Problem details :: Restate the records exactly. Include all of them.
_ _ _ _ _ _ _
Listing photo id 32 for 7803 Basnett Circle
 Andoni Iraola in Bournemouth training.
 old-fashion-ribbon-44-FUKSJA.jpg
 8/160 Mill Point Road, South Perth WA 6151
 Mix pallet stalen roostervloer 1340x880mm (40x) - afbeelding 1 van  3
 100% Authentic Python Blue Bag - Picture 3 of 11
_ _ _ _ _ _ _
Task answer ::
Listing photo id 32 for 7803 Basnett Circle
 Andoni Iraola in Bournemouth training.
 old-fashion-ribbon-44-FUKSJA.jpg
 8/160 Mill Point Road, South Perth WA 6151
 Mix pallet stalen roostervloer 1340x880mm (40x) - afbeelding 1 van  3
 100% Authentic Python Blue Bag - Picture 3 of 11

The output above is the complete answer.